10/7/468 AC, Runnistan, Pashtia
Nobody in the village fired his rifle into the air. Instead, the men, Samsonov rifles and clones held easily in their hands, clustered around Cano and Rachman, forming a circle. The women of the place stood behind their men, but that appeared more a defensive arrangement than a mark of low status. Oddly, the women were not veiled.
Among the villagers, Rachman and his men were well known. All eyes were on the stranger, Cano. From the encircling crowd one old man emerged and walked toward the group.
"Father," Rachman said to the old man, "we have returned in glory, all but for Filot who fell in battle and was buried on the field. I have brought with us our hectontar, that our people might rejoice to see the leader of their sons and to see that that leader is worthy. Father, David is one of us."
Cano followed the conversation, more or less. The word hectontar was new to him, but he assumed it was local dialect and thought no more of it.
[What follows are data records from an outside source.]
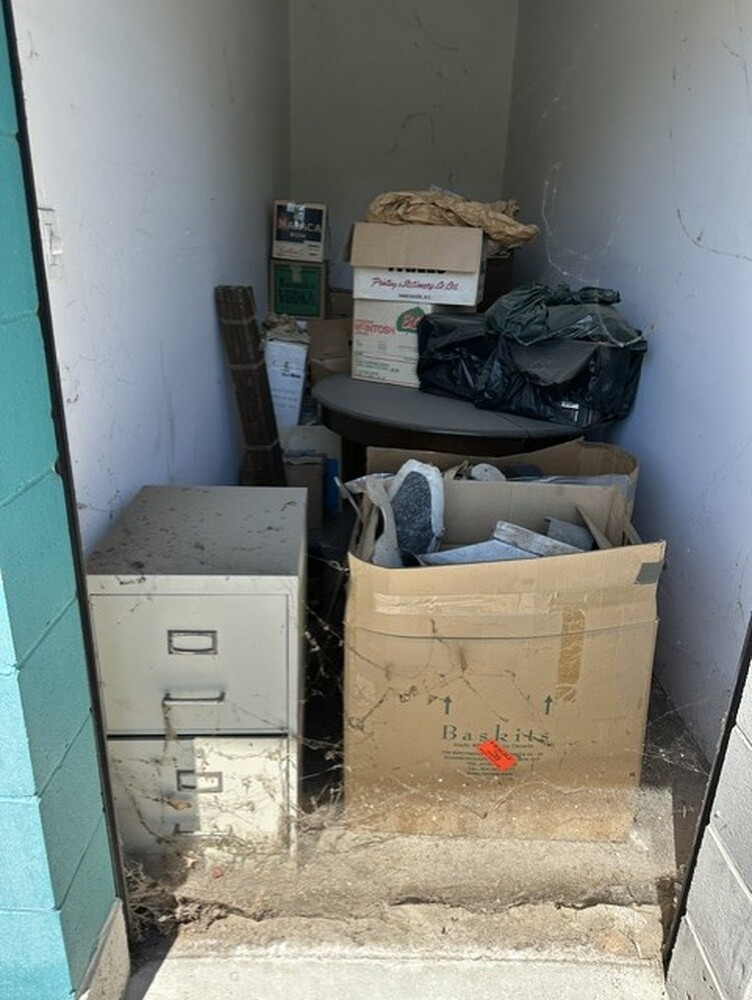 Nanaimo Mini Storage  auction IB-2594 40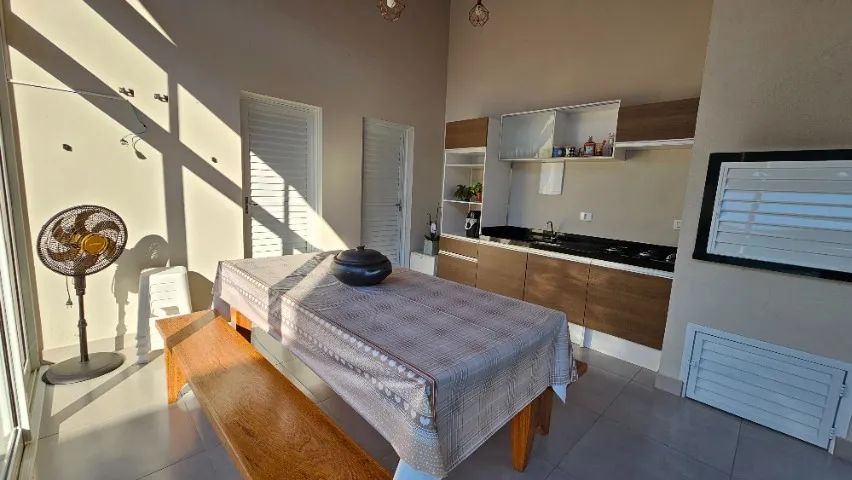Casa com lindo padrão de acabamento em Santo Amaro da Imperatriz - Foto 3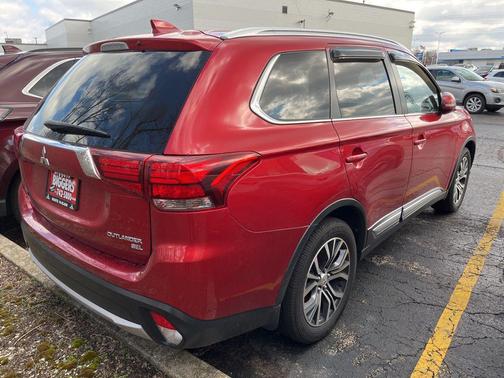 2018 Mitsubishi Outlander SEL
He was, in any event, much more interested in the fact that the villagers were not using their rifles as noisemakers; in that, and in the unveiled women he saw behind the men. He saw a pair of bright green eyes atop a swaying, willowy shape, but lost them in the crowd.
"Since my son says you are worthy," said Rachman's father, offering his hand in greeting, "I welcome you to our village. Come; the day is warm. Let us sit and talk in the cool of my courtyard."
While the rest of the group split up to follow their own families home, Rachman and Cano followed Rachman's father, Cano's eyes still searching for that willowy shape.
* * *
The courtyard was walled. Even so, the house was built on the side of a steep hill. From the courtyard's fountain, Cano could see out over wall to where a group of the village's young men were busily fighting over the corpse of a sheep, from horseback.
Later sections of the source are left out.